▸ Activity: Print all entries below exactly, without images.

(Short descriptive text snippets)
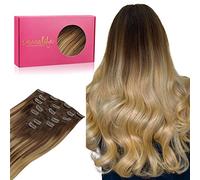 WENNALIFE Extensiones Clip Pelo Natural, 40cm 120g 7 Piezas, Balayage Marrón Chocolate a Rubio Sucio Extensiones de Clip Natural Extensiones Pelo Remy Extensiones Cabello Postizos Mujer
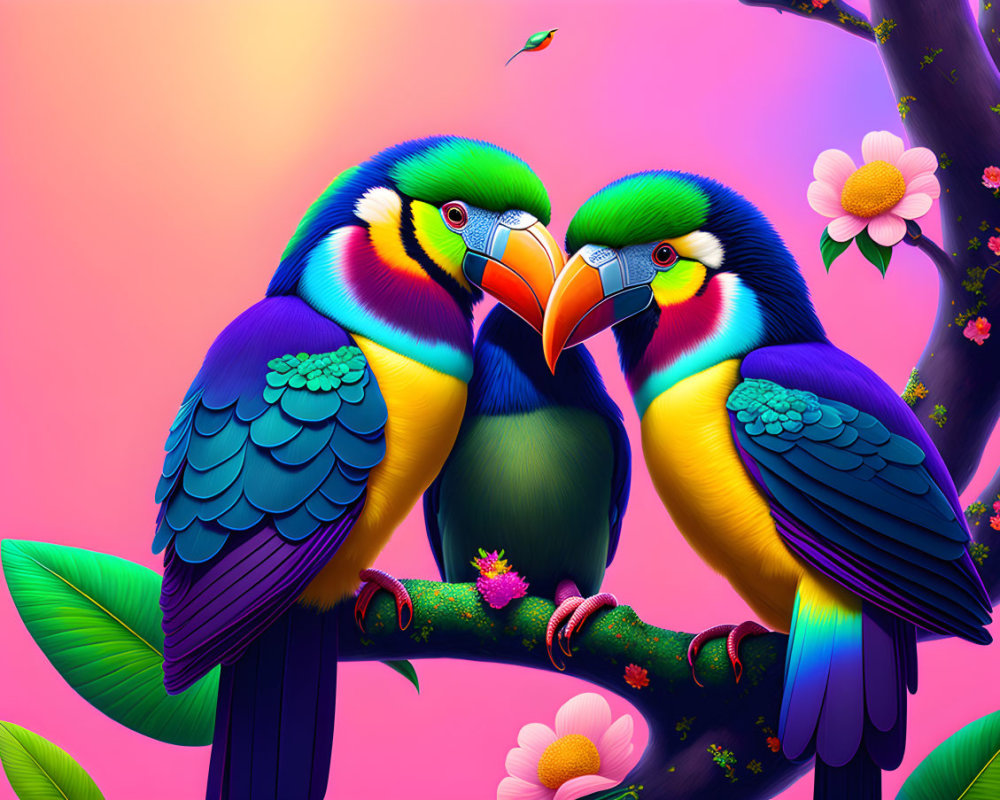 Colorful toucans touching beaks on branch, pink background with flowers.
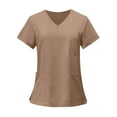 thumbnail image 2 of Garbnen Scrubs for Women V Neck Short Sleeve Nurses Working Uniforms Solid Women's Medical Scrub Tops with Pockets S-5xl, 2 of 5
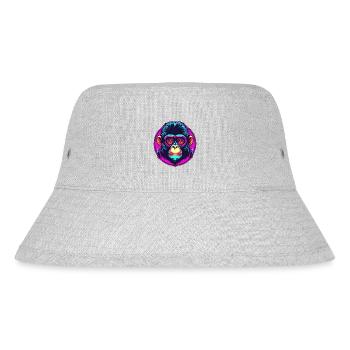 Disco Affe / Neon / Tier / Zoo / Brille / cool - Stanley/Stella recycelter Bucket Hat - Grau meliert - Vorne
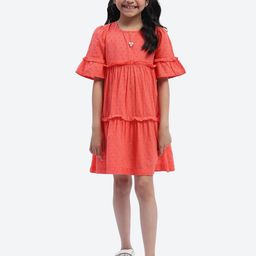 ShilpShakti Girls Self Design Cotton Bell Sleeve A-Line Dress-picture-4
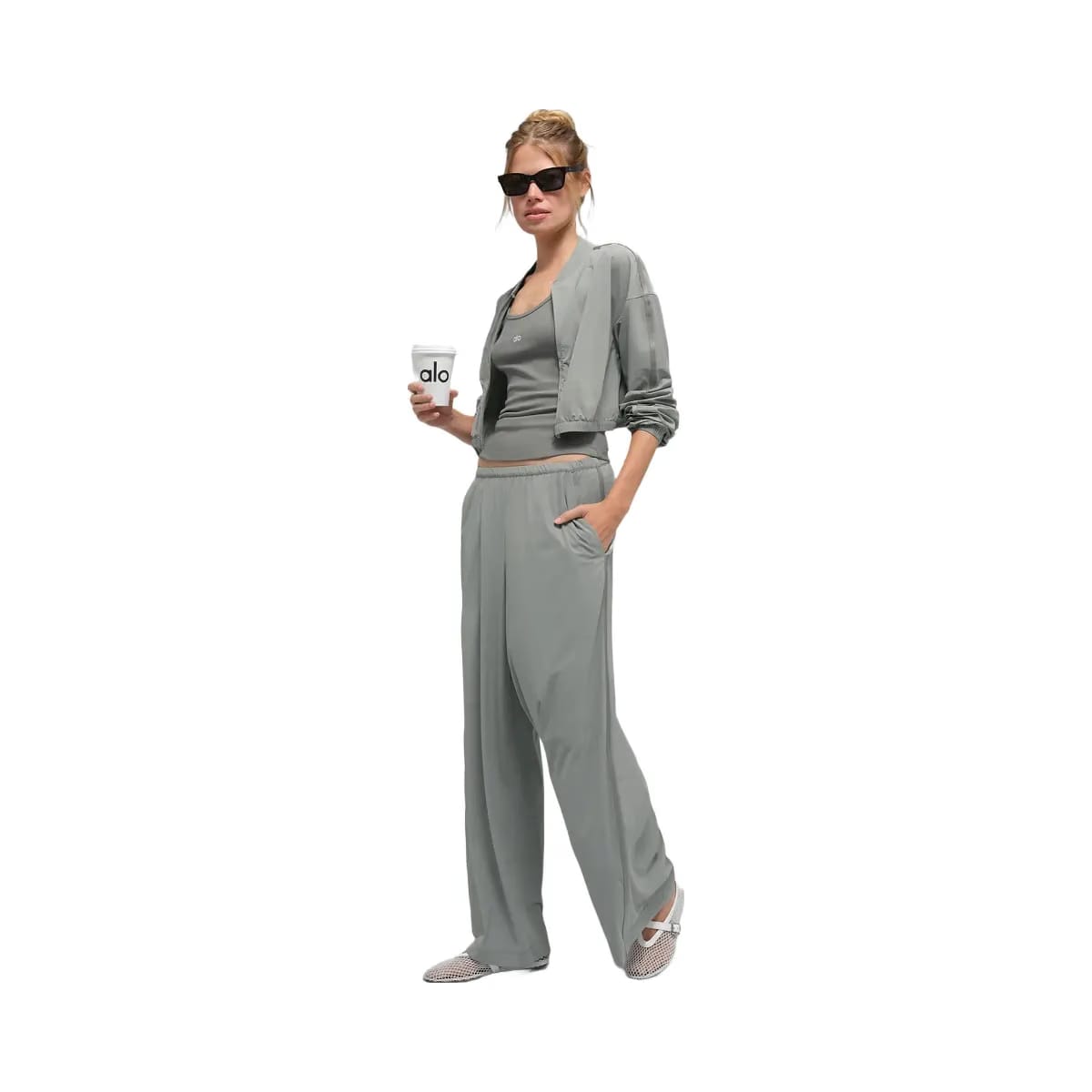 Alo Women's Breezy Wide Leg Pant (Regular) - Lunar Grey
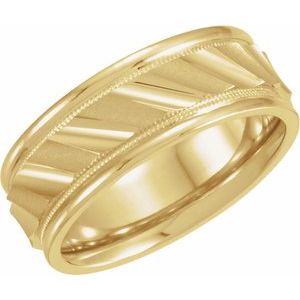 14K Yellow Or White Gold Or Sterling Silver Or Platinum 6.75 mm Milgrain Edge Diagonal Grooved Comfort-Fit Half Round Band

▸ Output:
 WENNALIFE Extensiones Clip Pelo Natural, 40cm 120g 7 Piezas, Balayage Marrón Chocolate a Rubio Sucio Extensiones de Clip Natural Extensiones Pelo Remy Extensiones Cabello Postizos Mujer
 Colorful toucans touching beaks on branch, pink background with flowers.
 thumbnail image 2 of Garbnen Scrubs for Women V Neck Short Sleeve Nurses Working Uniforms Solid Women's Medical Scrub Tops with Pockets S-5xl, 2 of 5
 Disco Affe / Neon / Tier / Zoo / Brille / cool - Stanley/Stella recycelter Bucket Hat - Grau meliert - Vorne
 ShilpShakti Girls Self Design Cotton Bell Sleeve A-Line Dress-picture-4
 Alo Women's Breezy Wide Leg Pant (Regular) - Lunar Grey
 14K Yellow Or White Gold Or Sterling Silver Or Platinum 6.75 mm Milgrain Edge Diagonal Grooved Comfort-Fit Half Round Band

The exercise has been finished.